4.3.3. Advanced decorators

A useful decorator for computation tasks is the @metadata decorator:

from vantage6.algorithm.decorator.metadata import (metadata, RunMetaData)


@metadata
def my_function(metadata: RunMetaData, <other_arguments>):
    # The metadata contains a dataclass with the following attributes:
    # task_id, node_id, collaboration_id, organization_id, temporary_directory,
    # output_file, input_file, token, action.
    #
    # They can be easily accessed using the dot notation. For example:
    return metadata.task_id

For some data sources it’s not trivial to construct a dataframe from the data. One of these data sources is the OHDSI OMOP CDM database. For this data source, the @omop_data_extraction is available:

from rpy2.robjects import RS4
from vantage6.algorithm.decorators import omop_data_extraction
from vantage6.algorithm.decorator.ohdsi import OHDSIMetaData

@omop_data_extraction(include_metadata=True)
def my_function(connection: RS4, metadata: OHDSIMetaData,
                <other_arguments>):
    pass

This decorator provides the algorithm with a database connection that can be used to interact with the database. For instance, you can use this connection to execute functions from python-ohdsi package. The include_metadata argument indicates whether the metadata of the database should also be provided.

Note

The returned connection object (RS4) is an R object, mapped to Python using the rpy2, package. This object can be passed directly on to the functions from python-ohdsi <https://python-ohdsi.readthedocs.io/>.

4.3.4. Algorithm wrappers

The vantage6 wrappers are used to simplify the interaction between the algorithm and the node. The wrappers are responsible for translating user input to call the right algorithm method with the right arguments. They also take care of writing the results back to the data source.

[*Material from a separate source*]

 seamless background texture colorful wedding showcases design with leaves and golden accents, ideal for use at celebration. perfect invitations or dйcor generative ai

As algorithm developer, you do not have to worry about the wrappers. The main point you have to make sure is that the following line is present at the end of your Dockerfile:

CMD python -c "from vantage6.algorithm.tools.wrap import wrap_algorithm; wrap_algorithm()"

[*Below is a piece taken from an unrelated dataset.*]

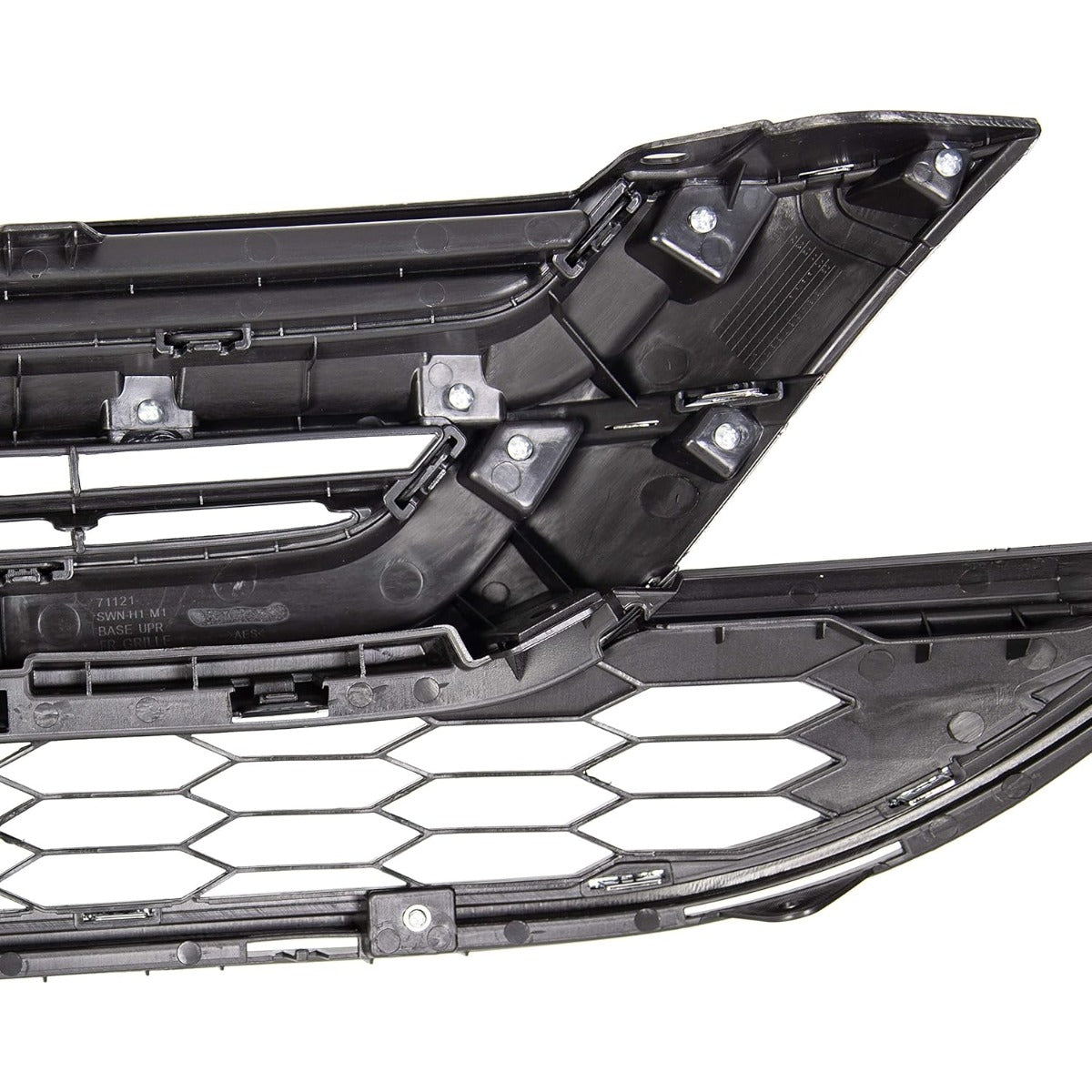 Front Upper Bumper Hood Grill & Lower Mesh Chrome Grille Compatible with 2010-2011 Honda CRV CR-V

The wrap_algorithm function will wrap your algorithm to ensure that the vantage6 algorithm tools are available to it. Note that the wrap_algorithm function will also read the PKG_NAME environment variable from the Dockerfile so make sure that this variable is set correctly.

4.3.5. Dockerfile structure

Once the algorithm code is written, the algorithm needs to be packaged and made available for retrieval by the nodes. The algorithm is packaged in a Docker image. A Docker image is created from a Dockerfile, which acts as a blue-print.

The Dockerfile is already present in the boilerplate code. Usually, the only line that you need to update is the PKG_NAME variable to the name of your algorithm package.